[Exercise requirements] When you copy the listing, reproduce each line as it appears and omit every image.

[Material provided]
━━━━━━━━━━
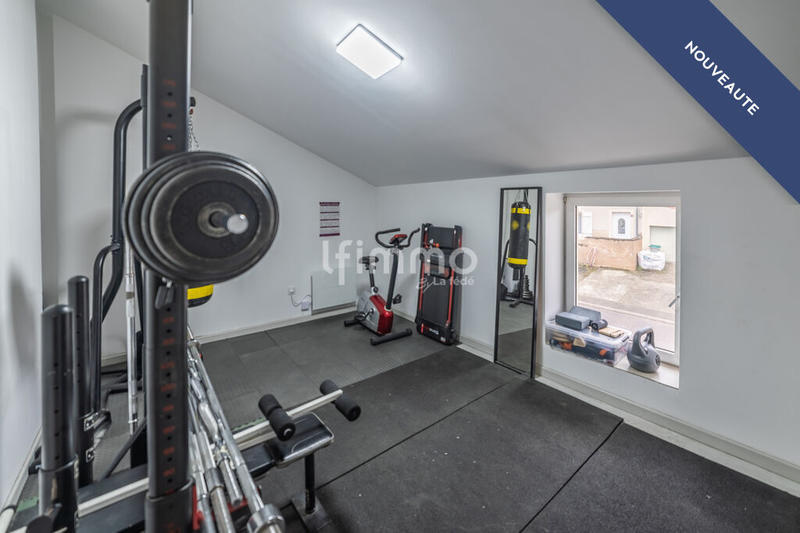 Maison - 220 m² - 6 pièces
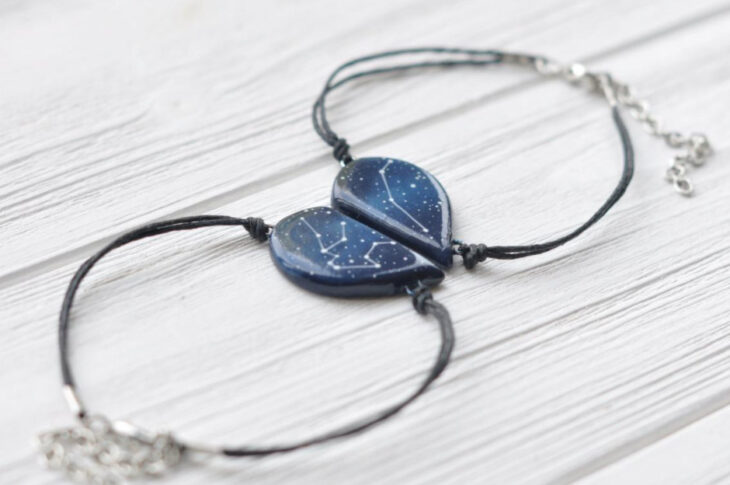Pulseras de la amistad de lazo negro con una piedra en forma de corazón y constelaciones
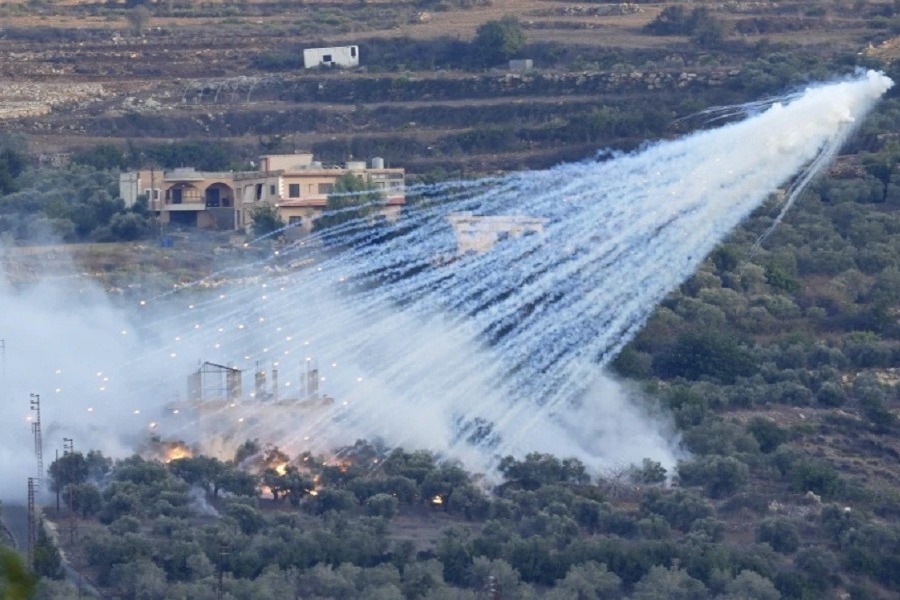 Λίβανος: Οργανώσεις κατηγορούν το Ισραήλ πως χτύπησε σπίτια αμάχων με λευκό φώσφορο - Το Παρατηρητήριο Ανθρωπίνων Δικαιωμάτων έκανε έκθεση κατά την οποία κάνει λόγο για παραβίαση του Διεθνούς δικαίου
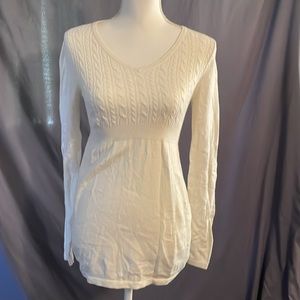 Liz Lange maternity shirt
━━━━━━━━━━
[Result for this task]
 Maison - 220 m² - 6 pièces
Pulseras de la amistad de lazo negro con una piedra en forma de corazón y constelaciones
 Λίβανος: Οργανώσεις κατηγορούν το Ισραήλ πως χτύπησε σπίτια αμάχων με λευκό φώσφορο - Το Παρατηρητήριο Ανθρωπίνων Δικαιωμάτων έκανε έκθεση κατά την οποία κάνει λόγο για παραβίαση του Διεθνούς δικαίου
 Liz Lange maternity shirt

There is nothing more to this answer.